Ein paar abschließende Bemerkungen zu Werner Lierschs »neuen
Enthüllungen«, ehe die »neuesten« folgen werden. Das letzte Wort überlasse
ich ihm, er wird es sich, entsprechend seines wohlüberlegten Zeitplans,
sowieso nehmen. Mir fällt zunächst auf, daß Lierschs entscheidender
Satz in seinem erwarteten nachgelegten Artikel vom 3. August in
der Frankfurter Allgemeinen Sonntagszeitung von ähnlich schwacher Aussagekraft
ist wie es schon der Kernsatz in seinem ersten Artikel war: »Alle
Wahrscheinlichkeit spricht dafür, daß Strittmatter zu den Zeugen gehörte.
« Corino spekuliert in der Frankfurter Rundschau einen beträchtlichen
Schritt weiter: Die Suppe muß am Köcheln bleiben. Diesmal geht es
um das schreckliche Ende eines Todesmarsches in der Nähe des idyllischen
Ortes Oberplan an der Moldau in Böhmen, als Dokument veröffentlicht
von einer tschechischen Historikerin im Jahre 2006.

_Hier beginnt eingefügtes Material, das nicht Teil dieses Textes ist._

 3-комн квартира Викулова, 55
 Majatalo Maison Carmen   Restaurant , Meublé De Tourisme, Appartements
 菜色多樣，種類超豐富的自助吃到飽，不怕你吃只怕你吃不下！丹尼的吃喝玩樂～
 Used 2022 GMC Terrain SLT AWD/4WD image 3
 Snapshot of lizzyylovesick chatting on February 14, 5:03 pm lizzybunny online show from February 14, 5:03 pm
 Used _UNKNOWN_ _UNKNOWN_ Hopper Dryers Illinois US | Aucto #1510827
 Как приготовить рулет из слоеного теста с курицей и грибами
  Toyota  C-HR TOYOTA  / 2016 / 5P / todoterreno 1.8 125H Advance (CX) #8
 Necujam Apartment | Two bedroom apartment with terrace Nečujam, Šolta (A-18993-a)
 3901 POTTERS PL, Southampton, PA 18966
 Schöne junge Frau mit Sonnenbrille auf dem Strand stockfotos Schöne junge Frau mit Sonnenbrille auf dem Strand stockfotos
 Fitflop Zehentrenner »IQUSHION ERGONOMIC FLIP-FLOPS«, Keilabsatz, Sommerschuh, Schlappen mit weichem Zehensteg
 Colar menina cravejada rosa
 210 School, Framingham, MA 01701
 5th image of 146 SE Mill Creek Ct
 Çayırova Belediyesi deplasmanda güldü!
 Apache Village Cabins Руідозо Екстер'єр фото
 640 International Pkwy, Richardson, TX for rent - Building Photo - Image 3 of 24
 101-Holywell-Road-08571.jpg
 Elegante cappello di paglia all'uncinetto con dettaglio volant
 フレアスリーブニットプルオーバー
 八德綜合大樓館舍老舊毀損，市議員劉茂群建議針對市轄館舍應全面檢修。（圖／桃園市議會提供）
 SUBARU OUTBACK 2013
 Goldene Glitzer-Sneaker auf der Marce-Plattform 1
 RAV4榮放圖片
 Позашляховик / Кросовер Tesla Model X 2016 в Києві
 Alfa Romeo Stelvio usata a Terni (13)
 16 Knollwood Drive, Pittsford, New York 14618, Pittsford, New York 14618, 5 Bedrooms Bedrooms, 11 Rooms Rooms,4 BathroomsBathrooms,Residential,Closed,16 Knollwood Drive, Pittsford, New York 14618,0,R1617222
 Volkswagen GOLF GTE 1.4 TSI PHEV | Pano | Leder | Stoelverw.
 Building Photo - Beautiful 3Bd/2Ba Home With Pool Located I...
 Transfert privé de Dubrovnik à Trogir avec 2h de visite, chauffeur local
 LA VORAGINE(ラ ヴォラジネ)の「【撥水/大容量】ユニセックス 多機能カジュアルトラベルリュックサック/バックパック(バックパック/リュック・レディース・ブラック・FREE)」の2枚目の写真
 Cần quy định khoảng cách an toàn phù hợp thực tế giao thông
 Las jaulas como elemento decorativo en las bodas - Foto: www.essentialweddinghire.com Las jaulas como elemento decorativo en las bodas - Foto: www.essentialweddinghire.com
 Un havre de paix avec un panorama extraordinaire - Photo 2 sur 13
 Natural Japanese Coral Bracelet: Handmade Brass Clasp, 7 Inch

Auf dem Territorium der fünf neuen Bundesländer gibt es nicht nur in
ziemlich jedem Dorf, unter jeder Dorflinde ein in Nachwendezeiten mit
Goldbronze aufpoliertes Kriegerdenkmal, das ungebrochen »unserer in
beiden Weltkriegen gefallenen Helden« gedenkt. Daneben finden sich immer
wieder Gedenksteine mit dem Roten Winkel für die Opfer der zahlreichen
Todesmärsche aus den Nazi-Konzentrationslagern, allerdings zu
DDR-Zeiten aufgestellt und bis heute blumengeschmückt. Wir erfuhren
schon in der Schule in allen uns Kindern zumutbaren Einzelheiten, was
darunter zu verstehen ist, und ich habe in meinem langen Lektorenleben
mehrere Bücher zu betreuen die Ehre gehabt, in denen solche Todesmärsche
geschildert wurden.


Mit gutem Gespür für die späteren politischen Verhältnisse im Deutschland
des Kalten Krieges wußten sich die SS-Bewacher dieser Elendszüge
im letzten Moment jedesmal in Richtung Westen abzusetzen. So hatten die
Westzonen und die aus ihnen hervorgehende Bundesrepublik Deutschland
einerseits die unverhältnismäßig größere Last an deutschen Kriegsverbrechern
aus allen militärischen Einheiten in der Nazizeit zu tragen.
Andererseits war bis hinein in die sechziger Jahre unangemessen wenig
von der Beschäftigung mit dieser Last zu bemerken. Hans Globke, Hans
Filbinger, und Otto Wolff von Amerongen, um drei von Hunderten zu nennen,
haben sie gewiß nicht mitgetragen, und sogar die heute hochgeehrten
Verschwörer des 20. Juli 1944 wurden lange Jahre öffentlich und erst
recht hinter den Türen der militärischen Traditionsverbände als Vaterlandsverräter
beschimpft. Oder denken wir an die kaltschnäuzige Behandlung
von Wehrmachts-Deserteuren aus Gewissensgründen. Sie gehörten
neben den tapferen Frauen und Männern des Widerstands im Untergrund
zu den wenigen, die etwas taten gegen diese barbarische Zeit.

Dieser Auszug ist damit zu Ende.